International information
- National side: Ireland;

Career statistics
| Competition | First-class |
| Matches | 31 |
| Runs scored | 766 |
| Batting average | 15.01 |
| 100s/50s | 0/2 |
| Top score | 64 |
| Balls bowled | 6,105 |
| Wickets | 79 |
| Bowling average | 24.00 |
| 5 wickets in innings | 1 |
| 10 wickets in match | 0 |
| Best bowling | 5/48 |
| Catches/stumpings | 11/– |
- Source: CricketArchive, 16 November 2022

= Eddie Ingram =

Irish cricketer (1910–1973)

Edward Ingram (14 August 1910 – 13 March 1973) was an Irish cricketer. A right-handed batsman and right-arm medium pace/leg spin bowler, he played 48 times for the Ireland cricket team between 1928 and 1953 including nineteen first-class matches. He also played county cricket for Middlesex, playing twelve times between 1938 and 1949.

==Playing career==
Ingram was educated at Belvedere College in Dublin. He made his debut for the Ireland cricket team against the MCC in a first-class match ten days before his 18th birthday. He continued to play in the Ireland team, mainly playing against the MCC and Scotland in addition to internationals against Australia and New Zealand.

He began playing for Middlesex in 1938, making his debut in a County Championship match against Worcestershire. He was never a regular in the Middlesex side, which allowed him to continue playing for Ireland, his career interrupted only by the Second World War. He played for Ireland against various English county teams, also playing internationals against Scotland, South Africa and India.

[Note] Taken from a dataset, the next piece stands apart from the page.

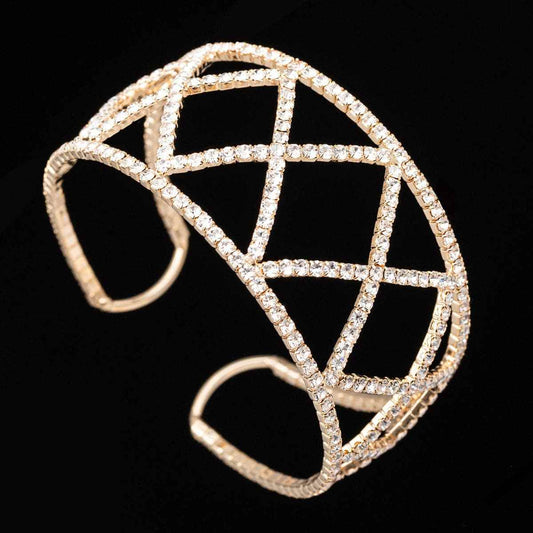 Cubic Zirconia & Goldtone Crisscross Cuff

His last game for Middlesex came in June 1949 against Glamorgan, and his last first-class match was for Ireland against Scotland in July 1953 at the age of 42. This was also his last match overall for Ireland.

==Statistics==
In all matches for Ireland, Ingram scored 1628 runs at an average of 20.10, scoring ten half-centuries with a top score of 83 against the MCC in August 1935. He took 151 wickets at an average of 20.12, taking five wickets in an innings seven times, and ten in a match once, with best innings bowling figures of 7/83 against Australia in September 1938. He captained Ireland eight times.

In first-class cricket, he scored 766 runs at an average of 15.01, scoring two fifties with a top score of 64 for Ireland against Scotland. He took 79 wickets at an average of 24.00 with best bowling figures of 5/48 for Ireland against Scotland. For Middlesex his top score was 28 and his best bowling was 3/7.